Yesh Atid's Shai Moshe Piron, number two on the party list, reiterated his party's claim that it would not join a coalition unless it focused on the party's three core issues. "First and foremost, the government must work towards equalizing the burden of IDF service," he told Army Radio. "Second, we must return to negotiations with the Palestinians. And third, we must reform the electoral system."
He said that Lapid will meet Netanyahu next week for coalition talks.
Future MK Ofer Shelah - number six on the Yest Atid list - reiterated Piron's comments in an interview with Israel Radio. Shelah asserted that Yesh Atid will stand by its demand for negotiations with the Palestinians to reach an agreement and will not be satisfied by empty talk.
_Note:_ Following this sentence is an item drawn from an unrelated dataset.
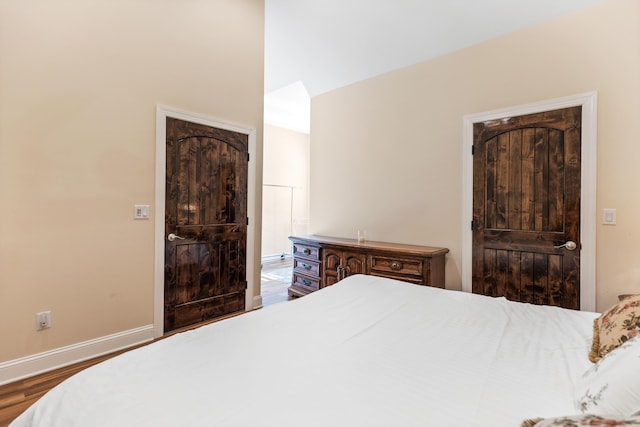 bedroom featuring ensuite bath, baseboards, and wood finished floors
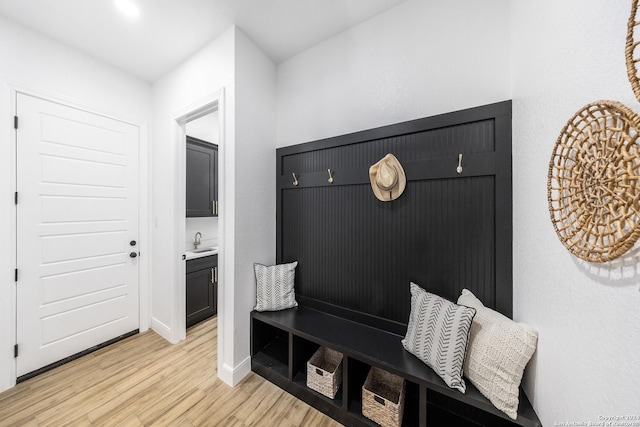 mudroom with light hardwood / wood-style floors and sink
"A diplomatic settlement is essential," he stressed. He added that the party would also demand that the government equalize the burden by passing a law within five years that will require all 18-year-old to serve the state through military or civilian service.
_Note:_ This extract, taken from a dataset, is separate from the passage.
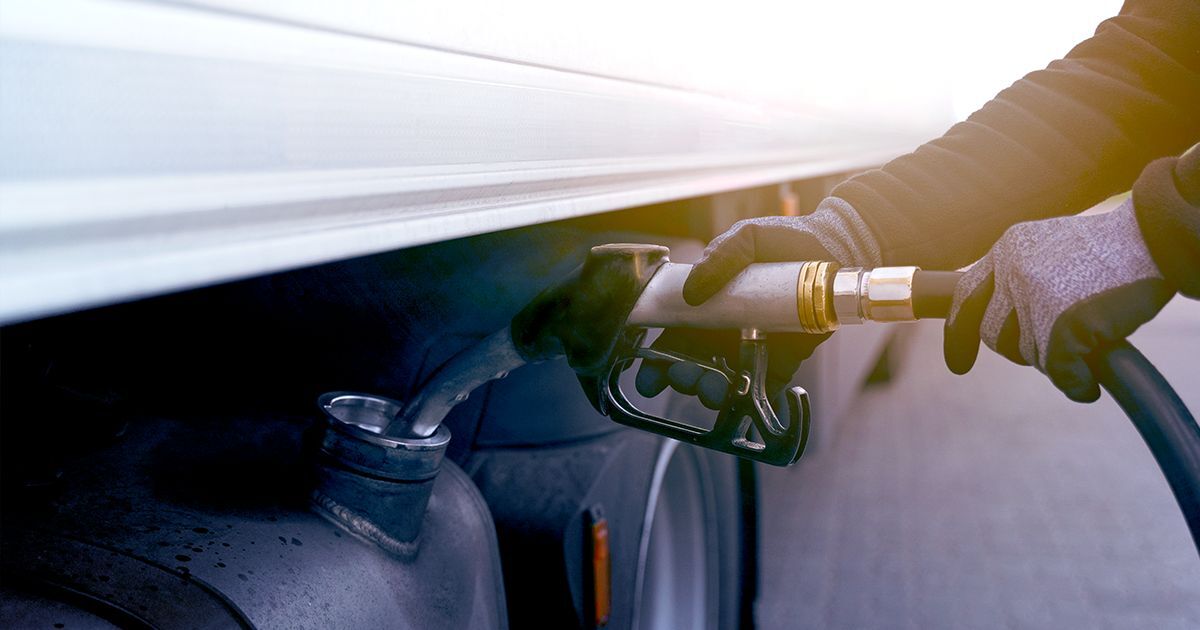 Conducteur de camion lourd faisant le plein de carburant, illustrant Neo Énergie, la solution de Neo TMS pour optimiser les coûts de diesel et réduire les dépenses en transport routier.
Shelah also explained that Yesh Atid leader Yair Lapid refused Labor's call to try to form an "obstructing bloc" with the left-wing parties, because he said there is no chance that they could form a government with this bloc.
Barak comments on Israeli elections
Outgoing Defense Minister Ehud Barak on Wednesday characterized the Israeli elections as a victory for the social justice movement, which he admitted had been long ignored by the government he was a part of.
Speaking to CNN, Barak said "I think that what we call the social protest - the people who went in hundreds of thousands to the streets last year, and were basically ignored by the government, which I am a part of - they came to the envelopes to say, for us, we want our share of what happens to Israel. It was telling the government: There is a limit to what you can expect of us."
Barak said that traditional right-wing voters did not have the same enthusiasm in this election as did the Left. The Center and Left voted "en masse," he said.
Asked to predict the orientation of a future coalition, the minister said it would be led by Netanyahu but would be more balanced and would take into account issues of mainstream Israelis.
Barak recalled an oft-told Israeli anecdote which speaks to the Israeli middle class's frustration with a political system which has seen ultra-Orthodox largely shirk public responsibility such as IDF service. "One third is waking up to work, one third is paying taxes, one third is serving in the reserve armed forces. But it's the same one third."